About this task | Word for word, write the records out again, but omit each picture.

Task data |

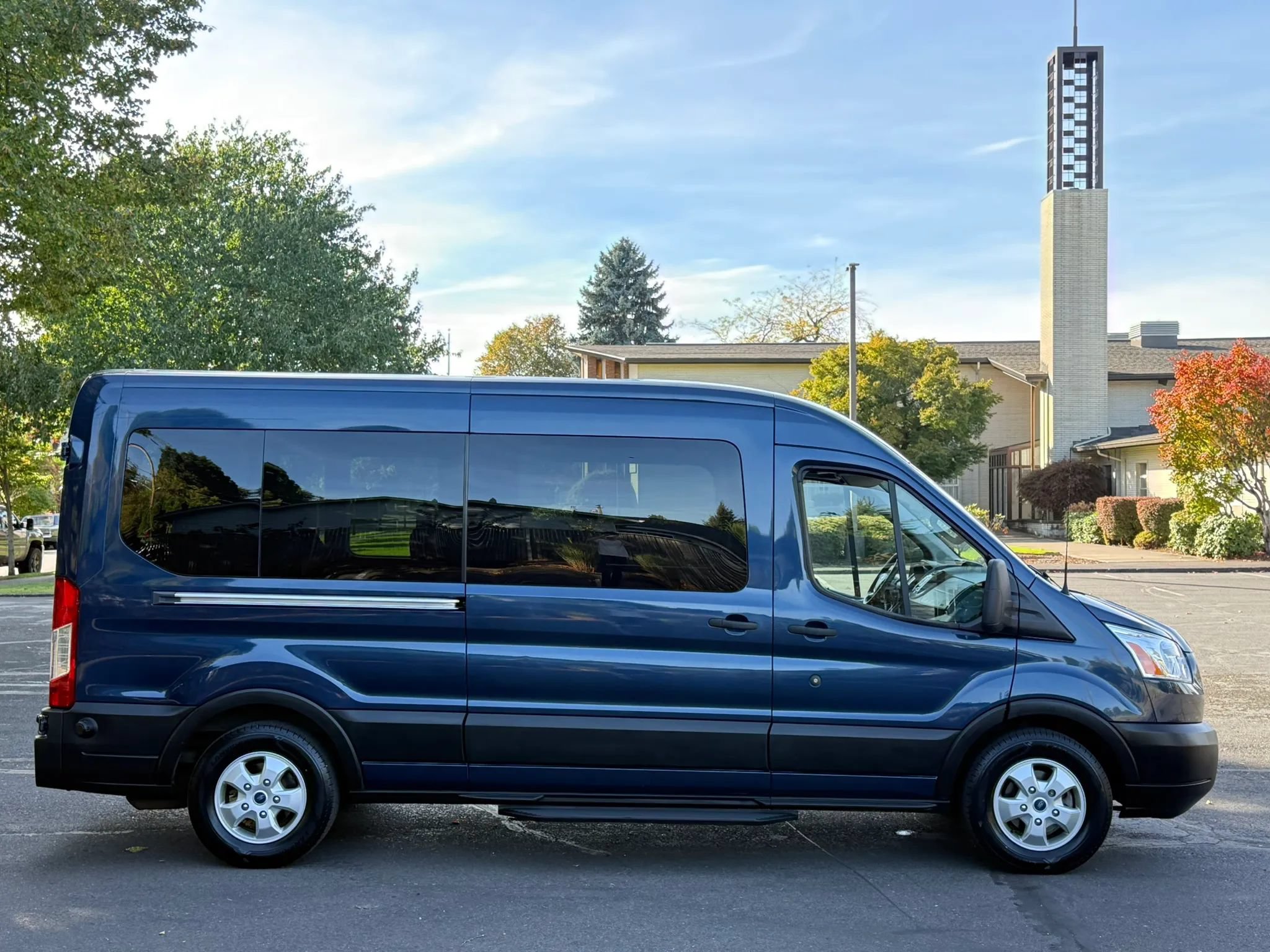 Used 2019 Ford Transit 350 XLT RWD image 7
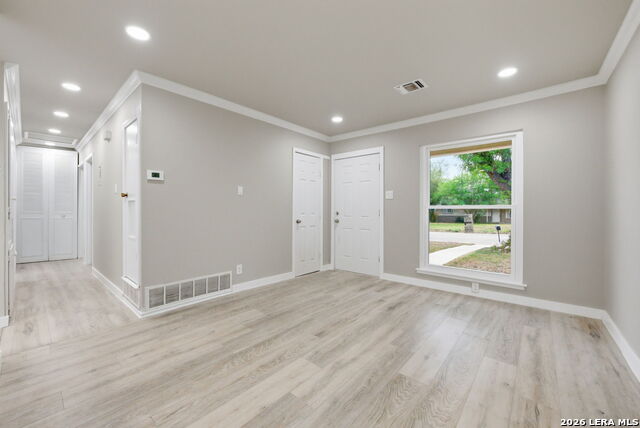 Listing photo id 4 for 221 Park  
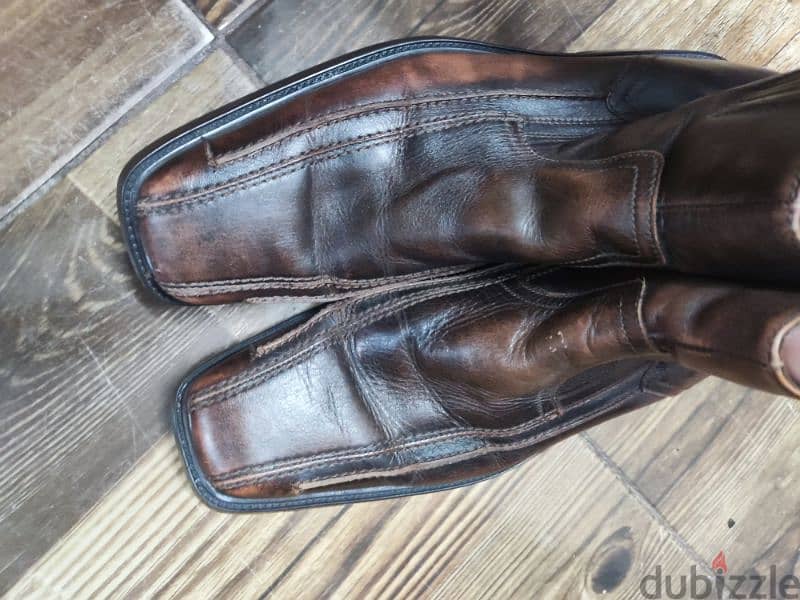 حذاء براند اصلي  سعر لقطه جدا جدا bugatti 10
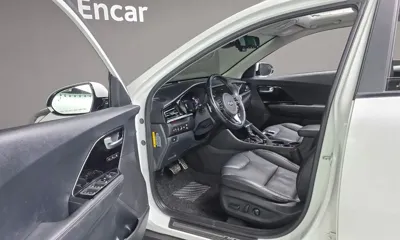 Kia Niro 2021, 112664 км, за 12913.9 USD - фото 12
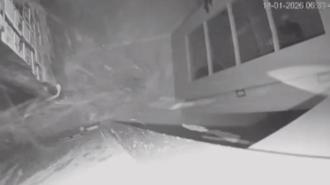 Yeni yapılan binada mutfağın tavanı çöktü... O anlar kamerada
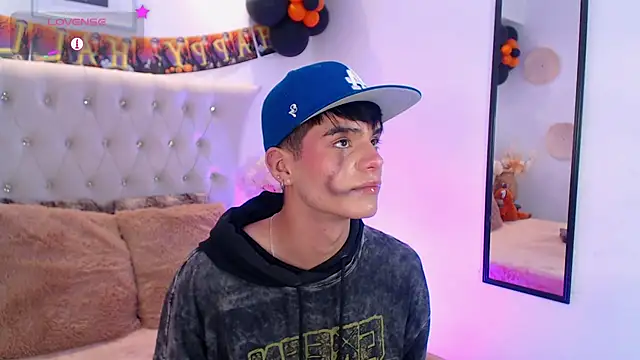 Snapshot of Dulcey_ chatting on October 25, 5:59 am Dulcey online show from October 25, 5:59 am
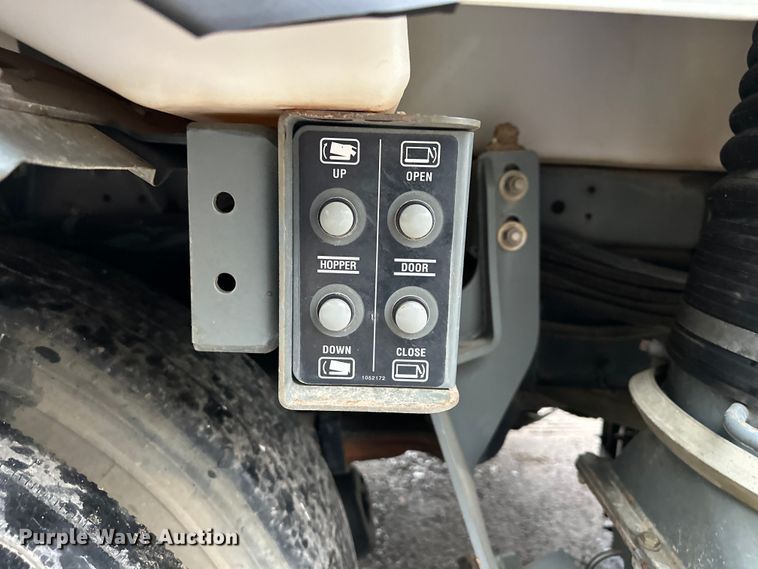 image for item NT9167 2015 Freightliner  M2 street sweeper truck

Output for this task |
 Used 2019 Ford Transit 350 XLT RWD image 7
 Listing photo id 4 for 221 Park  
 حذاء براند اصلي  سعر لقطه جدا جدا bugatti 10
 Kia Niro 2021, 112664 км, за 12913.9 USD - фото 12
 Yeni yapılan binada mutfağın tavanı çöktü... O anlar kamerada
 Snapshot of Dulcey_ chatting on October 25, 5:59 am Dulcey online show from October 25, 5:59 am
 image for item NT9167 2015 Freightliner  M2 street sweeper truck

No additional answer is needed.